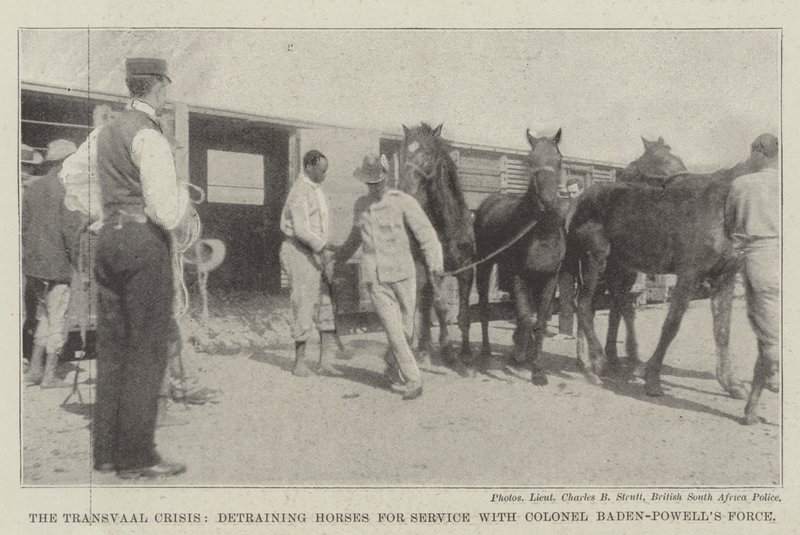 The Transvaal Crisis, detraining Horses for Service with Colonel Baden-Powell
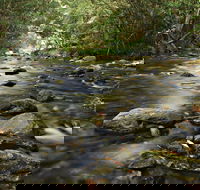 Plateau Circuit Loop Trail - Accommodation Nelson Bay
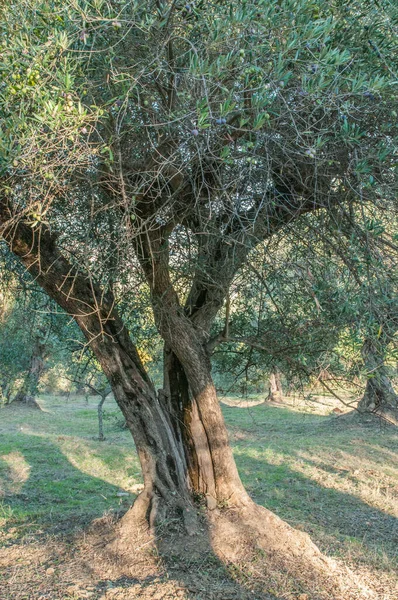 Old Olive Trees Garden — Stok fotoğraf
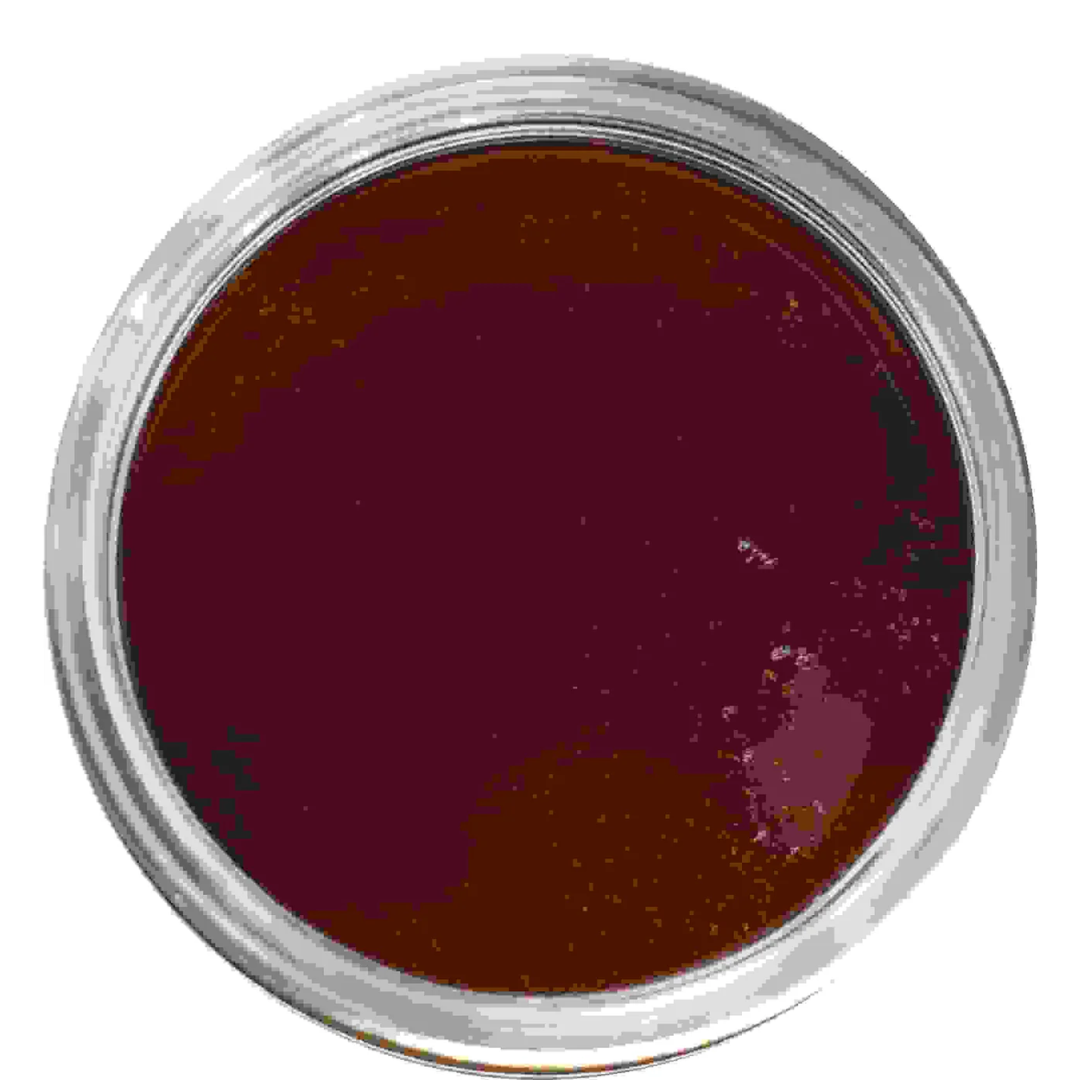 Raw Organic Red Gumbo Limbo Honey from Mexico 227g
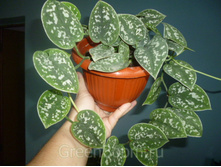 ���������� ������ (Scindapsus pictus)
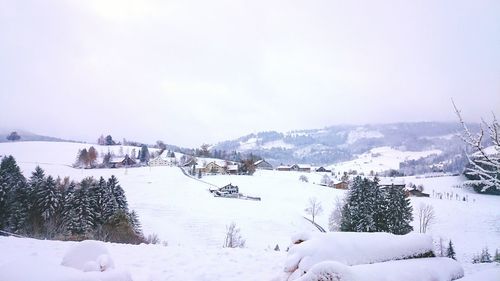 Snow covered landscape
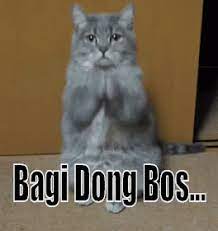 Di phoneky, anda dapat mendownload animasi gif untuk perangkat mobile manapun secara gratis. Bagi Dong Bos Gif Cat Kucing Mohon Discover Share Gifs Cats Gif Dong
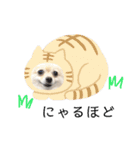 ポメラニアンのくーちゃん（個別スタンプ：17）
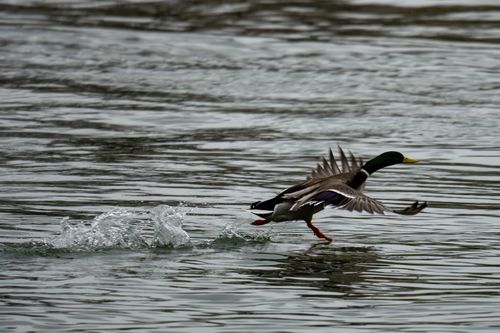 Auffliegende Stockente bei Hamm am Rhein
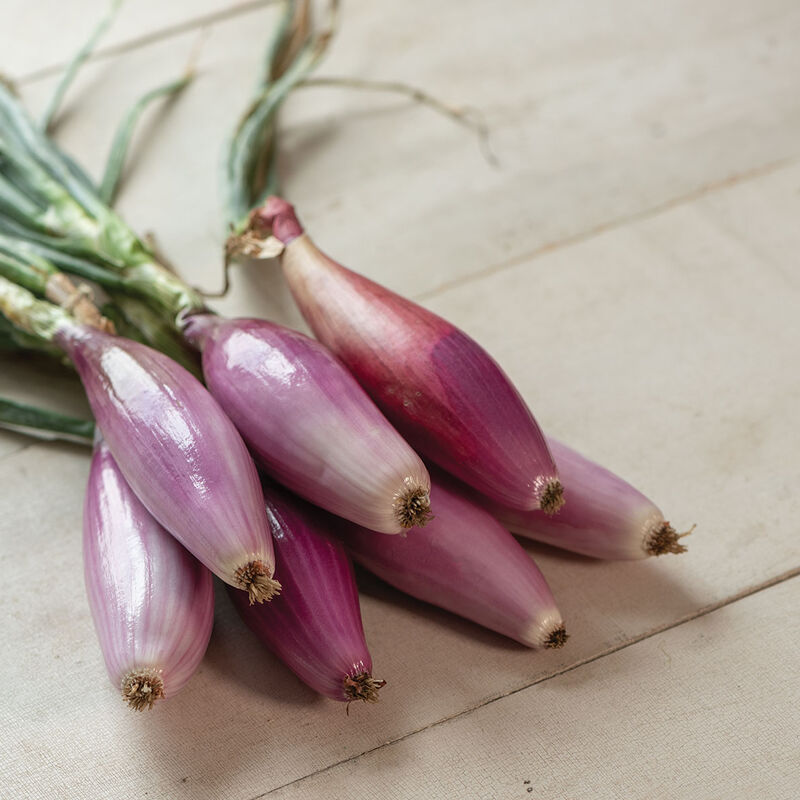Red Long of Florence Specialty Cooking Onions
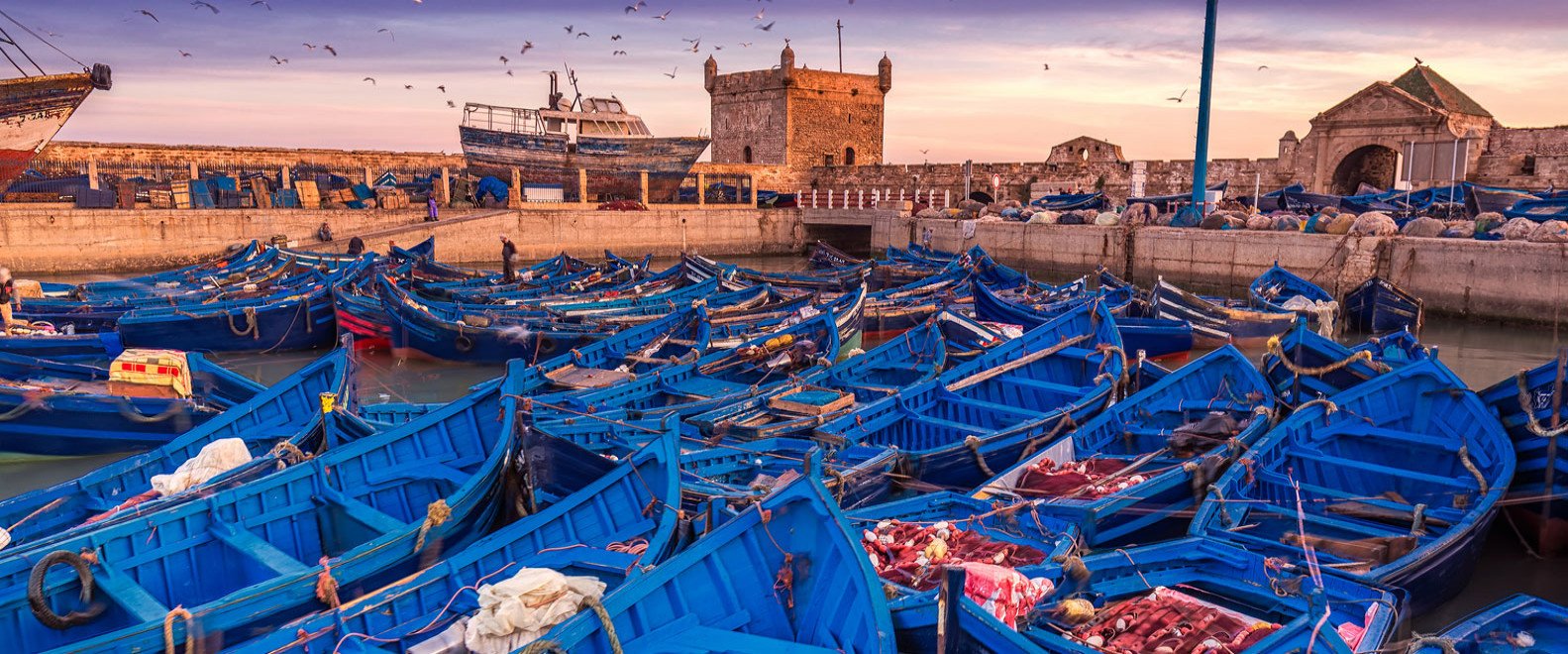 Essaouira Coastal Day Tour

************

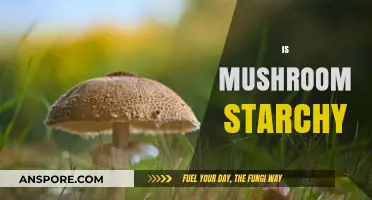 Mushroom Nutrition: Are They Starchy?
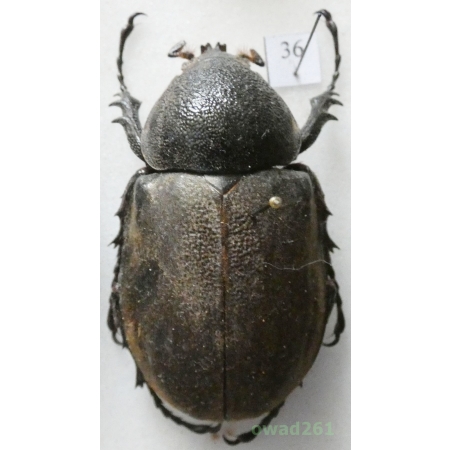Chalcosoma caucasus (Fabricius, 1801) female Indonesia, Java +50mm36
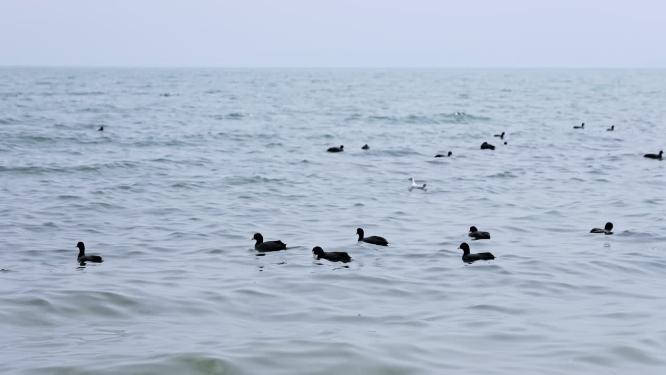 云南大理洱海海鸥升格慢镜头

************

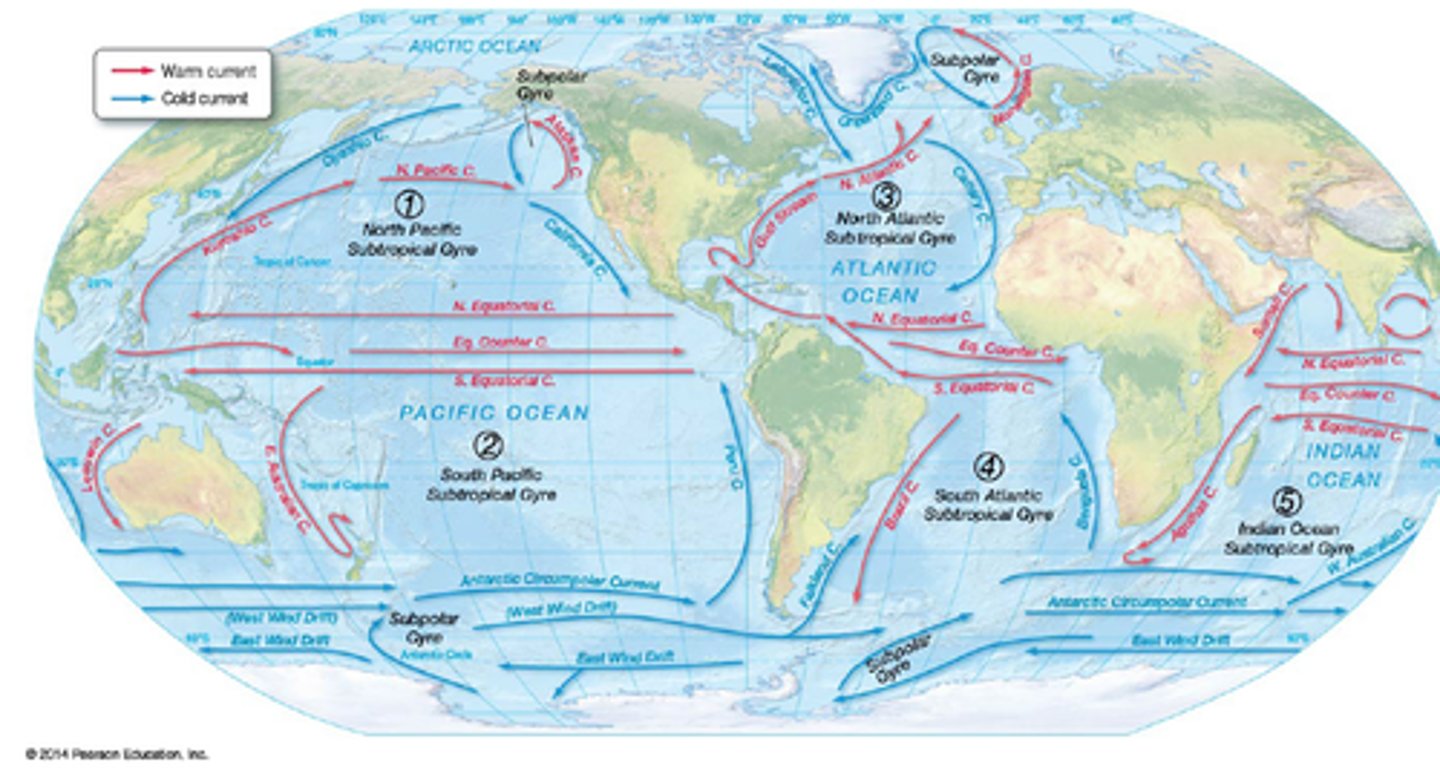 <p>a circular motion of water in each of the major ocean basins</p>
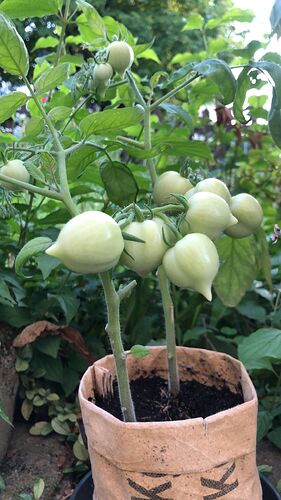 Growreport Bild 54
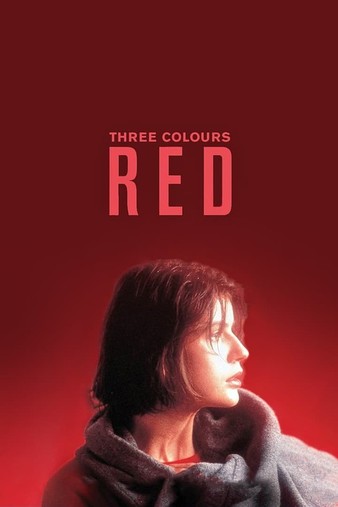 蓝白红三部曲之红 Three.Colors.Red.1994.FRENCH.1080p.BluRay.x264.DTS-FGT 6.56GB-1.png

************

Instructions to follow: Out of the records above, please copy exactly the lines from the line with "The Transvaal Crisis, detraining" up to and including the line with "Auffliegende Stockente bei Hamm am Rhein", minus the pictures.

Completed task:
 The Transvaal Crisis, detraining Horses for Service with Colonel Baden-Powell
 Plateau Circuit Loop Trail - Accommodation Nelson Bay
 Old Olive Trees Garden — Stok fotoğraf
 Raw Organic Red Gumbo Limbo Honey from Mexico 227g
 ���������� ������ (Scindapsus pictus)
 Snow covered landscape
 Di phoneky, anda dapat mendownload animasi gif untuk perangkat mobile manapun secara gratis. Bagi Dong Bos Gif Cat Kucing Mohon Discover Share Gifs Cats Gif Dong
 ポメラニアンのくーちゃん（個別スタンプ：17）
 Auffliegende Stockente bei Hamm am Rhein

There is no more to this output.